KONFÜÇYÜS'LE İMAJ DÜZELTİYOR
Çin yüksek teknoloji, savunma sanayi ve eğitim gibi alanlarda önemli hamleler yaparken bir konuya daha çok büyük önem veriyor. Çin imajını dünyada düzeltmek için ünlü filozofları Konfüçyüs'un öğretisine dört elle sarılmış durumda. Komünist Parti iktidara geldikten sonra kısa bir dönem, Konfüçyüs'ün okunmasını yasakladı. Konfüçyüs'ün "görev aşkı", "çalışkanlık" ve "sadakat" ile ilgili düşüncelerini yeni Çin toplumunun temel taşları haline getiren Komünist Parti, dünya genelinde Konfüçyüs enstitüleri açarak bir yandan Çince eğitim veriyor, diğer taraftan kültürlerini tanıtıyor. Çin ilk Konfüçyüs Enstitüsü'nü 2004 yılında Güney Kore'nin başkenti Seul'da açtı. 2010 yılına kadar 90 ülkede 300'den fazla enstitü kuruldu. Ülkelerin sosyo-kültürel yapılarına uygun etkinlikler düzenliyorlar.

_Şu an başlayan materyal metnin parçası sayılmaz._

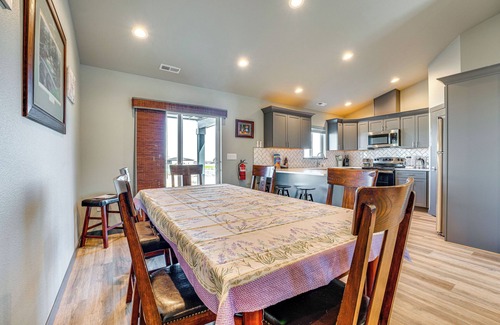 Moses Lake House | Charming Home ~ Half-Mi to Potholes State Park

Madagaskar'da Konfüçyüs'ün 2561'inci doğum günü etkinliklerini düzenlerken, Ruanda'da Çin Halk Cumhuriyeti'nin 60'ıncı kuruluş yıldönümü kutlamaları yapılıyor.

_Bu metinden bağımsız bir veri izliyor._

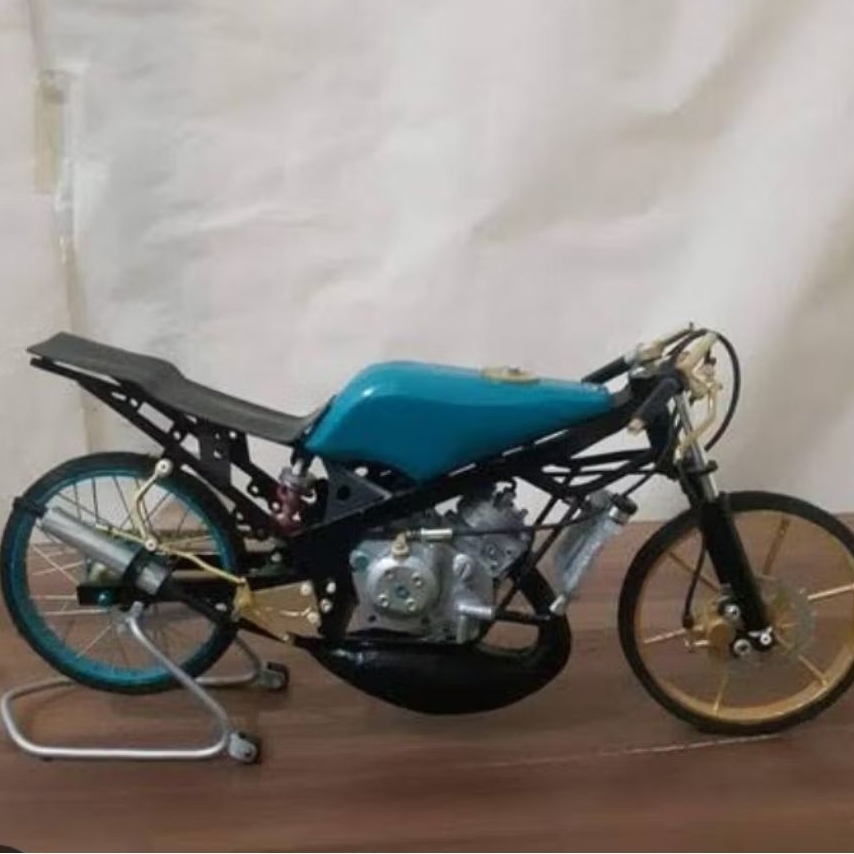 miniatur motor kawasaki ninja two stroke edisi drag velg empat pasang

JAPONYA'DA HALKLA BEYZBOL OYNADI
Ülkesinde siyasi reform ihtiyacını görmezden gelerek, küresel ekonominin tüm nimetlerinden yararlanma ilkesini benimseyen Başbakan Wen Jiabao'yu siyasi gözlemciler, "popülist" sözcüğüyle tanımlıyor. Olaylara hızlı müdahale yeteneğiyle bilinen Wen, halkın arasına karışmaktan, onlarla sohbet etmekten çekinmiyor. En önemli iki rakip ülke Japonya ve Güney Kore'ye yaptığı resmi ziyarette, bu ülkenin vatandaşlarıyla beyzbol ve badminton oynayarak ülkesinin imajına katkı yaptı. Çin'de bazı insan hakları savunucuları, Wen'in siyasi reformlarla ilgili sarf ettiği sözcüklerin içinin boş olduğunu savunurken, bazıları da siyasi reformlardan tek bahseden kişinin Başbakan Wen olduğunu belirterek, bunun önemli olduğunu vurguluyor.
"Dede Wen" mücevher uzmanı ve yatırımcı Zhang Peili ile evli. Eşi, Başbakan Wen'le kamuoyu önüne çıkmayı pek sevmiyor. Oğlu Wen Yunsong iletişim şirketi Unihub'ın yönetim kurulu başkanlığını yapıyor. Kızı Wen Ruchun ise özellikle Tayvan'da iş ilişkilerinden dolayı eleştirilerin hedefinde.